Computer readable program instructions described herein can be downloaded to respective computing/processing devices from a computer readable storage medium or to an external computer or external storage device via a network, for example, the Internet, a local area network, a wide area network and/or a wireless network. The network may comprise copper transmission cables, optical transmission fibers, wireless transmission, routers, firewalls, switches, gateway computers and/or edge servers. A network adapter card or network interface in each computing/processing device receives computer readable program instructions from the network and forwards the computer readable program instructions for storage in a computer readable storage medium within the respective computing/processing device.

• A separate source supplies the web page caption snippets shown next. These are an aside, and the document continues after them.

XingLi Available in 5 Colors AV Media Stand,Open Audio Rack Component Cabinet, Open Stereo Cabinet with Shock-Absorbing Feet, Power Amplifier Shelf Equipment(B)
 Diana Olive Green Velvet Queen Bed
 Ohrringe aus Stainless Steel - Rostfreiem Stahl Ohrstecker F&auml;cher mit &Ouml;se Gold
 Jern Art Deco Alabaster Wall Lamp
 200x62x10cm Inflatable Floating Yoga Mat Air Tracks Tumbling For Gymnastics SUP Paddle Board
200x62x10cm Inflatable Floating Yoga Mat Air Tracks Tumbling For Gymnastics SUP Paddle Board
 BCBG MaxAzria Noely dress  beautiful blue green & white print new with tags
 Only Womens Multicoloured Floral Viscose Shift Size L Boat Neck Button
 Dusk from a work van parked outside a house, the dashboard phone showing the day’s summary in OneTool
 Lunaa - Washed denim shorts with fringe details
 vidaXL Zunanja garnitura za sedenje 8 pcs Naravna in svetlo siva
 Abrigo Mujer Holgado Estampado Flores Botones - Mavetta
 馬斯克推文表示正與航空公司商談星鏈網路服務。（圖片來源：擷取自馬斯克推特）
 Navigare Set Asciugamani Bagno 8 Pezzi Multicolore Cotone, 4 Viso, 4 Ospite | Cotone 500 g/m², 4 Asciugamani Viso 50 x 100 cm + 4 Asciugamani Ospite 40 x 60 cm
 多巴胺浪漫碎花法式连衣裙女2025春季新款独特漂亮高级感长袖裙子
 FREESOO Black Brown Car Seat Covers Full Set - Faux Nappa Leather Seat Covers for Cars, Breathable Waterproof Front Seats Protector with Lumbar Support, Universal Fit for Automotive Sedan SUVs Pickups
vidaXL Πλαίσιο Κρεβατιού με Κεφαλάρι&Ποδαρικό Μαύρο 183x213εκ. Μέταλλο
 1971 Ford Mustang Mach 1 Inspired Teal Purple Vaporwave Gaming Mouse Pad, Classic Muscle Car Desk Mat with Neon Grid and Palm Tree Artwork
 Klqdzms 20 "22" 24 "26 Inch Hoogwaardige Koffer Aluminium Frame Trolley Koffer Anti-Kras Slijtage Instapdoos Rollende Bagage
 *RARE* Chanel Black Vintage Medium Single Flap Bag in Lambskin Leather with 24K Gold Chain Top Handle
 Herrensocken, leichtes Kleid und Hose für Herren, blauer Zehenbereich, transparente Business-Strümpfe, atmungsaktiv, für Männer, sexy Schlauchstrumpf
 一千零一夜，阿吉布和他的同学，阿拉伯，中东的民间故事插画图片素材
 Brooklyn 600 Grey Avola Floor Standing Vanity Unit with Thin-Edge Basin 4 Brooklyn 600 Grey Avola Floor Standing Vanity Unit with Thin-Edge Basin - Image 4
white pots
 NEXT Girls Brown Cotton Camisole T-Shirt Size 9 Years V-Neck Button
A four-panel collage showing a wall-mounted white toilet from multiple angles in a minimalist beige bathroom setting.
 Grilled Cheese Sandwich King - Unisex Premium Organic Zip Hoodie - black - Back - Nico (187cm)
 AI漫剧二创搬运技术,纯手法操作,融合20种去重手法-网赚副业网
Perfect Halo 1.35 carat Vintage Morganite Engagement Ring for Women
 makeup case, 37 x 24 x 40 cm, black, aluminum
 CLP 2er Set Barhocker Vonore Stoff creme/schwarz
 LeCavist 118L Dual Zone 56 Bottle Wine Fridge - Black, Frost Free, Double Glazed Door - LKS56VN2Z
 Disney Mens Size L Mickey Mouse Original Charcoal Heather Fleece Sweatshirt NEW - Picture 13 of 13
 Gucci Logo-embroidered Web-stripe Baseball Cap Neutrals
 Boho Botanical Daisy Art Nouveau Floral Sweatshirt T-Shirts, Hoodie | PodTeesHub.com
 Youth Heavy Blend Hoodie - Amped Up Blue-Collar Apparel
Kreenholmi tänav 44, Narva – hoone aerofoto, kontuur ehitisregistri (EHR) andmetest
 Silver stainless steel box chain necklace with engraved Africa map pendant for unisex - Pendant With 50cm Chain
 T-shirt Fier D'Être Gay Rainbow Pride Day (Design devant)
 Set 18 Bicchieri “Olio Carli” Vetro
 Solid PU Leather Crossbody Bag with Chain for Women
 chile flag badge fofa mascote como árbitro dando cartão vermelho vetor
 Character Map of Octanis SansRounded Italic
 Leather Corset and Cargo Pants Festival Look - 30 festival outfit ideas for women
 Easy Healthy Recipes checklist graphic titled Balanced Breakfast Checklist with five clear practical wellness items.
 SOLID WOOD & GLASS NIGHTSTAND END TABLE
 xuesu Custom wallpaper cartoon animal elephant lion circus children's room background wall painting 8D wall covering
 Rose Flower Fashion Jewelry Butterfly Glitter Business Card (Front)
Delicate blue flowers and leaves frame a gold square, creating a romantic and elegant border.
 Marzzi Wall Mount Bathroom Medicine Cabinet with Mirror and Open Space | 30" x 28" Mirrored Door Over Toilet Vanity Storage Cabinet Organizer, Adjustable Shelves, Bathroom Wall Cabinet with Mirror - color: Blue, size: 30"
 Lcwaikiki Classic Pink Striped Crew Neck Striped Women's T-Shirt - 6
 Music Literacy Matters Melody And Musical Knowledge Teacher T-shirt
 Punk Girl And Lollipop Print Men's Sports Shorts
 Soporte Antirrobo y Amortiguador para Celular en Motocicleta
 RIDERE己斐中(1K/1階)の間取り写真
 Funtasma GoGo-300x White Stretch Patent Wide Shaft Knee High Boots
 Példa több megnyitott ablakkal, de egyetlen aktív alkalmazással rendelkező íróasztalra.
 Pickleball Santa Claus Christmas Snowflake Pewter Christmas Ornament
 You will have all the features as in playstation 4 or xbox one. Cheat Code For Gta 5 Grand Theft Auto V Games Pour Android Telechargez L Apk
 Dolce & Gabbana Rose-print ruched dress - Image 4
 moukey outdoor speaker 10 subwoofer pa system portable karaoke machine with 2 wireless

Computer readable program instructions for carrying out operations of the present technology may be assembler instructions, instruction-set-architecture (ISA) instructions, machine instructions, machine dependent instructions, microcode, firmware instructions, state-setting data, or either source code or object code written in any combination of one or more programming languages, including an object oriented programming language or a conventional procedural programming language. The computer readable program instructions may execute entirely on the user's computer, partly on the user's computer, as a stand-alone software package, partly on the user's computer and partly on a remote computer or entirely on the remote computer or server. In the latter scenario, the remote computer may be connected to the user's computer through any type of network, including a local area network (LAN) or a wide area network (WAN), or the connection may be made to an external computer (for example, through the Internet using an Internet Service Provider). In a scenario where the connection is made through WAN or ISP, security accommodations would be needed to allow connectivity into the LAN. A “software as a service” (SaaS) implementation is also contemplated; this would also require the above security accommodations and/or a central collection agent within the LAN.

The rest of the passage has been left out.